Monde, sois, et sois bon;
existe bonnement,
fais que, cherche à, tends à, dis-moi tout,
et voici que je renversais, éludais
et toute inclusion n’était pas moins
efficace que toute exclusion;
allez mon bon, existe,
ne te recroqueville pas en toi-même, en moi-même.
Je pensais que le monde ainsi conçu,
dans ce super-choir, super-mourir,
le monde ainsi adultéré,
fût seulement un moi mal décoconné,
que j’étais indigeste, mal imaginant.
mal imaginé, mal payé
et non pas toi, mon beau, pas toi « saint » et « sanctifié »
un peu plus loin, de côté, de côté
Fais en sorte d'(ex-de-ob etc.) — sistere
et au-delà de toutes les prépositions connues et inconnues,
aie quelque chance,
fais bonnement un peu;
que joue b mécanisme.
Allez, mon beau, allez.
Allez, münchhausen.
J’ignore la façon dont le linotypiste qui aura ce poème à composer s’en tirera. Il s’agit de l’une de ces marchandises qui se vendent emballées avec la mention « fragile ». Il n’est, par ailleurs, pas exclu qu’une méprise, une coquille, une lecture erronée puisse enrichir de nouvelles significations une poésie d’inventaire qui suggestionne puissamment et agit comme une drogue sur l’intellect jugeant du lecteur.
Chez Andrea Zanzotto s’exprime la tragique dissension entre ce que les chrétiens appellent l’âme et ce que les savants appellent la psyché. Il s’agit d’une dissension que l’on retrouve chez tous les poètes depuis que la poésie a été envisagée comme catharsis libératrice plutôt que comme art du « beau » ; c’est-à-dire dès le début du romantisme. Mais chez lui, la dissension se nourrit d’elle-même et ne demande qu’à s’apaiser dans la formule de Wittgenstein selon laquelle la vie est ce qu’elle est et ce que l’on n’y peut rien changer.
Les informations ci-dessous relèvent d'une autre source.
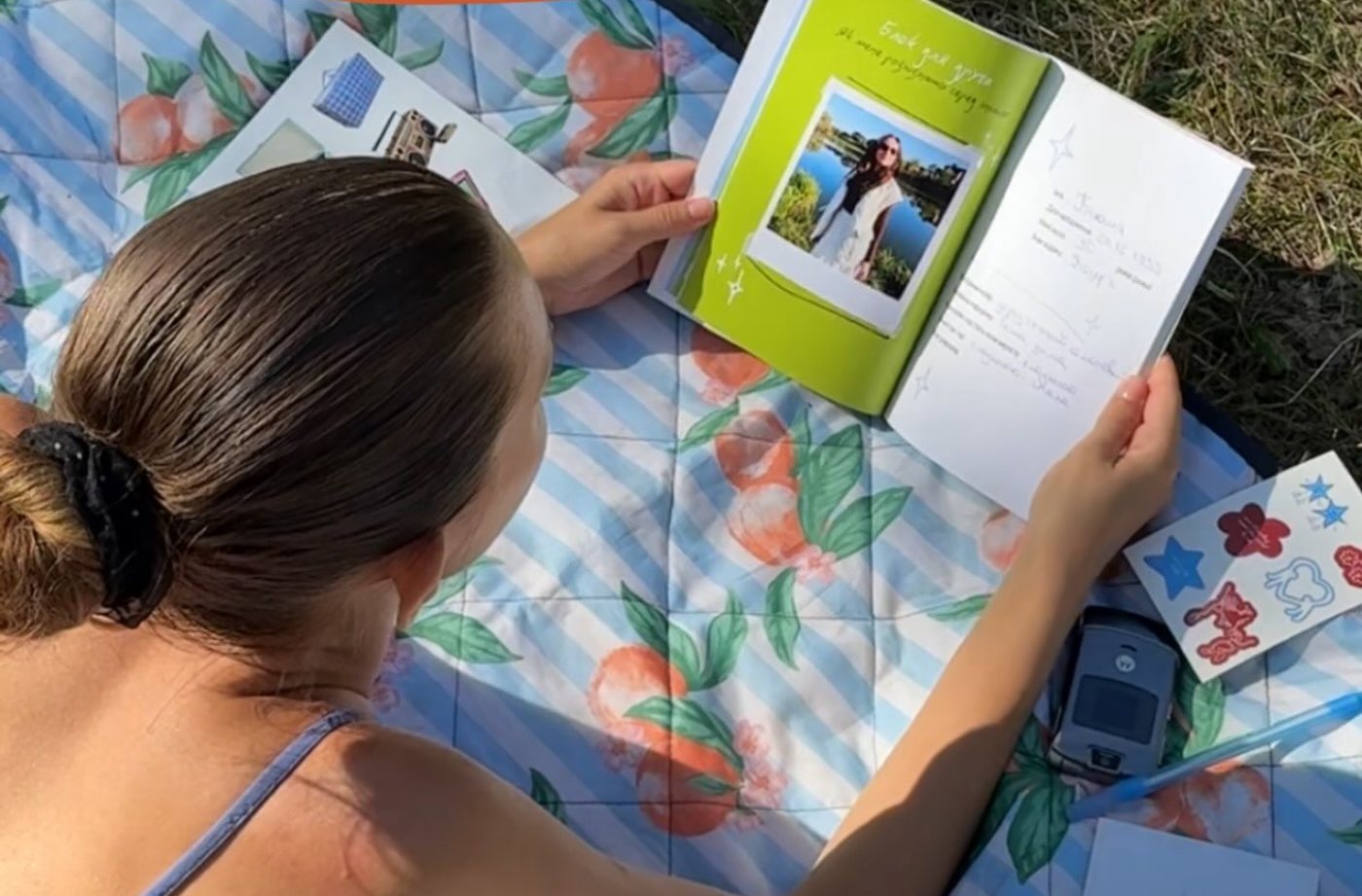 Дівчина заповнює анкету для друзів на пікніку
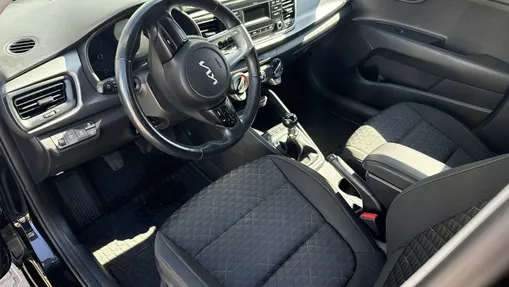 KIA Rio -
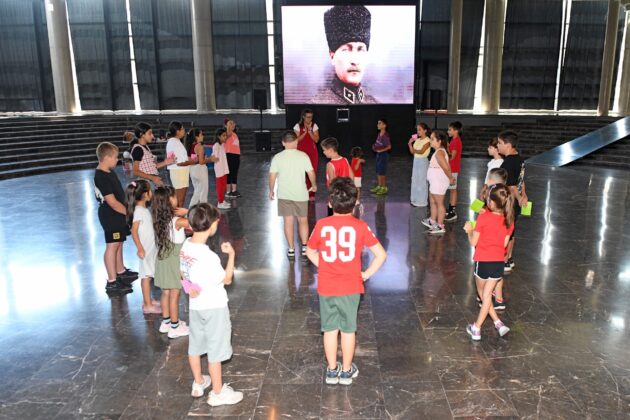 Osmangazi Belediyesi, çocukları tarih ve edebiyatla buluşturdu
Zanzotto vit douloureusement son rien-tout, vie-mort, illusion-vérité, destruction-résurrection. Ce n’est pas non plus un « homme en peine », il s’agit d’un homme simple qui souffre avec une orgueilleuse humilité. Qu’il s’agisse d’un passionné (ou d’un ex-patient) de la psychanalyse, il est trop facile de le supposer. Vis-à-vis de cette science, et de ses diverses et quelque peu suspectes ramifications, il est parfaitement à la page. Mais ce qui l’intéresse le plus, ce n’est pas le côté psychique et biographique de son expérience vécue.
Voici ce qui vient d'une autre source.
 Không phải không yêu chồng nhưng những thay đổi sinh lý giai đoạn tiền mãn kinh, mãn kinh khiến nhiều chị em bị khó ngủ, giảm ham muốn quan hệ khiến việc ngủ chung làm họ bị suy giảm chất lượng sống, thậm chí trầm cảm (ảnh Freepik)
Andrea Zanzotto n’en est pas à son premier livre. Dans ce qu’il est convenu de définir comme la génération intermédiaire (j’ignore où elle commence et où elle prend fin) il occupait déjà une place de choix. Avec son nouveau recueil (ou rapport) il sort indubitablement grandi. Il aura pourtant des imitateurs parce qu’il peut apparaître facile et «moderne» d’embrocher mots, tournures et interjections, agiter « avant de s’en servir» et puis tout jeter sur la feuille. Mais l’on peut se prendre à espérer que des critiques et des hommes capables de distinguer les copies de ce très authentique « original » continueront à exister.